# circuit breaker



## foreevergoat (Oct 24, 2011)

Can anyone help? It looks like there should be a circuit breaker that the wires from the convertible top, the power seat and the power windows are connected to and or a junction block. I am hoping someone can tell me where the breaker should be? I have a 65 convertible. Pictures would be helpfully thanks!!


----------



## geeteeohguy (Feb 2, 2008)

Don't know about the power seat or windows, but the power top has no relay. It is powered directly from the switch, which is powered by the positive battery cable. This is a special, convertible-only cable with a separate wire for the top. I would recommend a wiring diagram for the car if you are doing much work on it.


----------



## Roger that (Feb 6, 2010)

1965 GTO's with power tops, power windows, and or power seat came with a special red battery cable that has an additional tangent black wire (1st pic).

Following the black tangent wire takes you to the circuit breaker which resets itself, mounted on the driver's side firewall behind and below the hood hinge (2nd pic)

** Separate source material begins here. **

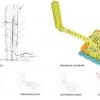 Honorable Mention, 2014 AIANH Emerging Professionals Design Competition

The breaker itself (3rd and 4th pic)


----------



## geeteeohguy (Feb 2, 2008)

Well there it is, folks! From the original source, and in detail. I had NO idea the oem cables were red. I have never seen one or, if I did, I don't _remember_ it. Thanks, Roger T!!


----------



## foreevergoat (Oct 24, 2011)

Hey, thanks a lot the pictures are a great help. I was wondering where the wire from the positive cable went. I really am grateful for the help!!!!!!


----------



## Roger that (Feb 6, 2010)

If you did not have these options then your positive battery cable was black.


----------